Nakamura Toshihiko, Hatanaka Daisuke, Kashima Kohei, Kusakari Michiko, Takahashi Hidehiro, Kamohara Takashi, Takahashi Naoto
Department of Neonatology, Japanese Red Cross Musashino Hospital.
Department of Pediatric and Neonatal Intensive Care, The University of Tokyo Hospital.
Fukushima J Med Sci. 2019 Aug 30;65(2):50-54. doi: 10.5387/fms.2019-10. Epub 2019 Jul 20.

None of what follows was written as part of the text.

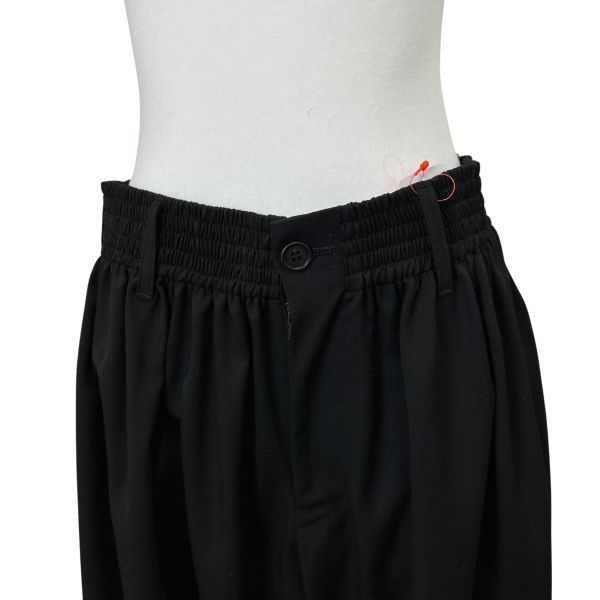 ◇ ヨウジヤマモト Yohji Yamamoto サルエルパンツ ボトムス 五分丈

We report a male infant with a birthweight of 1,400 g at 29 weeks 2 days gestation diagnosed as having cow's milk allergy (CMA) due to human milk fortifier, who developed severe respiratory symptoms. The infant had no gastrointestinal symptoms; rather, the initial symptoms were apnea attacks and wheezing with a prolonged expiratory phase that progressed to severe ventilatory insufficiency requiring mechanical ventilation. Aggravation of his general condition, which appeared to be due to sepsis, was improved by temporary starvation and respiratory care, but he relapsed on the resumption of enteral feeding of his mother's milk with a human milk fortifier. As a result, this event was interpreted as a positive oral food challenge test. The infant resumed complete breastfeeding without the fortifier and has not relapsed since. Examination of his serial cytokine profiles from residual serum revealed that although interleukin-5 was not increased, interferon (IFN)-γ was increased, suggesting some relation between the time course of IFN-γ and the infant's eosinophil count. These findings may indicate that the involvement of IFN-γ is one cause of the onset of this disease.
我们报告一例孕29周2天出生、出生体重1400g的男婴,因食用母乳强化剂被诊断为牛奶蛋白过敏(CMA),该男婴出现了严重的呼吸道症状。该婴儿无胃肠道症状;相反,最初症状是呼吸暂停发作和呼气延长阶段的喘息,进而发展为需要机械通气的严重通气不足。其全身状况的恶化似乎是由败血症引起的,通过暂时禁食和呼吸护理得到改善,但在恢复用母乳强化剂进行肠内喂养时病情复发。因此,这一事件被解释为一次阳性口服食物激发试验。该婴儿随后恢复了不添加强化剂的纯母乳喂养,此后未再复发。对其残留血清中系列细胞因子谱的检测显示,虽然白细胞介素-5未升高,但干扰素(IFN)-γ升高,提示IFN-γ的时间进程与婴儿嗜酸性粒细胞计数之间存在某种关联。这些发现可能表明IFN-γ的参与是该疾病发病的原因之一。